C’est un pavé dans la mare de l’assurance-chômage. Dans une étude publiée mercredi, les économistes du Conseil d’analyse économique (CAE), Pierre Cahuc et Corinne Prost, estiment que la multiplication des contrats courts en France est largement due au mécanisme d’indemnisation des chômeurs. Et, afin de remédier à ce problème, ils proposent de moduler les cotisations à l’assurance-chômage des entreprises en fonction de l’utilisation que chacune d’elles fait des contrats courts, prenant ainsi à leur charge le coût qu’elles font peser sur l’Unédic, le gestionnaire de l’assurance-chômage. Une telle solution, refusée par le patronat, créerait des perdants et des gagnants. Les entreprises qui utilisent le plus des contrats à durée déterminée (CDD) seraient pénalisées.

Si la proportion de CDD et d’intérim dans le nombre d’emplois total est stable en France depuis 2000 (environ 12 %), la durée moyenne des contrats ne cesse, elle, de diminuer. Ainsi, depuis 2000, le nombre de CDD de moins d’un mois a grimpé de 146 % alors que ceux de plus d’un mois ont stagné.

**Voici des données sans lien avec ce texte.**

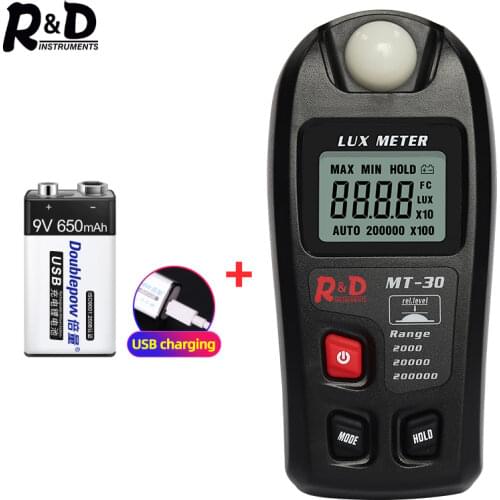 NEW R&D MT30 Lux Meter 0~200,000lux Light Meter Illuminometer Lux/fc Photometer Tester Enviromental Testing Black Luxmeter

Pourquoi cette envolée ? « Les règles de l’assurance-chômage ont fortement contribué à cette augmentation », estime Corinne Prost. Explication : un travailleur peut être indemnisé en partie par l’Unédic en cas d’activité réduite. Dans ce cas, un allocataire qui travaille quinze jours dans le mois touche un salaire et un complément de l’assurance-chômage basé sur le salaire de référence. Mais ce salaire de référence est calculé en divisant la somme des salaires perçus par le nombre de jours couverts par le contrat de travail, et non par le nombre de jours dans le mois. Ainsi, travailler un jour sur deux dans le mois induit un salaire journalier deux fois plus élevé que de travailler tous les jours à mi-temps, en tout cas pour l’Unédic. L’allocation est alors deux fois plus élevée. Il est donc plus intéressant pour le salarié d’opter pour la première solution. Sauf qu’il est beaucoup plus difficile pour eux d’accéder au crédit, au logement et à la formation professionnelle, et qu’ils s’enferment dans cette situation.

Les secteurs comme l’hôtellerie, les services portuaires ou le commerce, qui utilisent ce système, y trouvent aussi leur intérêt puisqu’ils peuvent choisir les jours travaillés dans le mois alors que le complément de salaire est pris en charge par l’Unédic. Ce qui revient à subventionner certains secteurs par d’autres, structurellement moins utilisateurs de CDD.

 

2 milliards d’euros à économiser

Pour les deux économistes, 760.000 personnes environ alternent emploi et chômage indemnisé depuis cinq ans, ce qui coûte de l’ordre de 4,8 milliards d’euros par an à l’assurance-chômage. D’où les recommandations : changer le calcul du salaire de référence et le baser sur le revenu mensuel moyen et non sur le salaire moyen journalier du contrat. Et moduler les cotisations des employeurs à l’assurance-chômage en fonction du coût induit par l’entreprise pour l’assurance-chômage selon le principe du pollueur-payeur. Plus une entreprise utilise des CDD courts, plus ses cotisations monteraient. De quoi faire économiser 2 milliards à l’Unédic. Alors que les partenaires sociaux doivent renégocier la convention Unédic cet hiver, voilà une piste intéressante.